Elle donna libre cours à sa frustration. Elle laissa échapper sa colère de n'être que ça…

— Je n'en peux plus d'être toute seule tous les soirs, continua-t-elle, des décibels dans la voix. J'ai l'impression de n'être qu'une chose… TA chose ! Si tu voulais d'une compagnie qui t'attende docilement à la maison, sans rien dire… fallait prendre un Labrador !

Kévin tapa du poing sur la table. Surprise, Lola sursauta, scrutant son beau visage déformé par la colère.

— Comment peux-tu être si égoïste ? vociféra-t-il, les yeux injectés de sang et les narines dilatées. Je m'échine au travail pour nous… pour TOI…

— Ah… parce que c'est MOI qui suis égoïste ! s'accusa Lola sur le ton de l'ironie. Je te signale, quand même en passant, que je ne t'ai jamais rien demandé de tel ! Et pour ta gouverne, sache que j'ai bien l'intention de continuer à travailler… que ça te plaise ou non !
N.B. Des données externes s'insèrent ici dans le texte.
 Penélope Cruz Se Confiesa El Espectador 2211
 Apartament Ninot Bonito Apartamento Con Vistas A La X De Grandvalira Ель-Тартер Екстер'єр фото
— ÇA… c'est à voir ! lâcha-t-il en éludant d'un revers de main les arguments de la jeune femme. OUI… TOI, tu es l'égoïsme même ! Je me saigne aux quatre veines pour que l'on ait une vie meilleure. Je suis épuisé mais je ne veux que le meilleur pour toi mais TOI, « la petite poupée de porcelaine », il mima des guillemets imaginaires avec ses doigts de chaque côté de son visage rouge de colère, tu ne penses qu'à ta petite personne. Tandis que MOI, j'ai de l'ambition pour nous deux. Et si pour ça, pour mener à bien ce projet, je dois travailler le soir, je le ferais sans l’once d’une hésitation. Mais quand on sera marié, tu seras bien contente de ne manquer de rien et tu n’auras plus aucune raison d'aller travailler…

Lola ouvrit la bouche mais aucun son n'en sortit. Estomaquée, elle écarquilla grand les yeux. Avait-elle bien entendu ce qu'elle avait entendu ? Il avait bien prononcé le mot « marié » ? Non ? C'était quoi encore, cette histoire de mariage ? Jamais ils n'en avaient parlé tous les deux et puis elle voulait continuer à travailler et même diriger sa propre boutique, mariée ou pas. C’était son vœu le plus cher.

Ses pensées se bousculaient, tourbillonnaient dans sa tête. Elle pressa fortement les paupières un instant pour clarifier le conglomérat de ses réflexions. Dans l'immédiat, elle n'avait aucune envie de se marier… D'ailleurs, à son humble avis, elle se trouvait beaucoup trop jeune pour se laisser passer la corde au cou. Mais comment le lui faire comprendre ? Jamais elle n'avait vu Kévin dans une telle rage ! La situation prenait des proportions complètement démesurées. Elle dégénérait dangereusement vers une pente glissante.

Lola inspira lentement et profondément par le nez pour calmer les battements de son cœur qui lui pilonnaient la poitrine. Puis elle s’arma de courage, releva fièrement la tête et planta son regard dans celui de Kévin qui la dévisageait, les yeux exorbités, l'écume aux lèvres. Lola était terrorisée par cet inconnu qui se tenait en face d'elle. Ce n'était pas l'homme dont elle était tombée amoureuse.

Malgré la peur qui fourmillait dans ses veines, elle avala bruyamment sa salive et osa se dresser contre lui :

— Je ne veux pas me marier ! La pointe de défi dans sa voix l’encouragea. Instinctivement, elle se leva du canapé et se tint fièrement devant lui, le menton relevé.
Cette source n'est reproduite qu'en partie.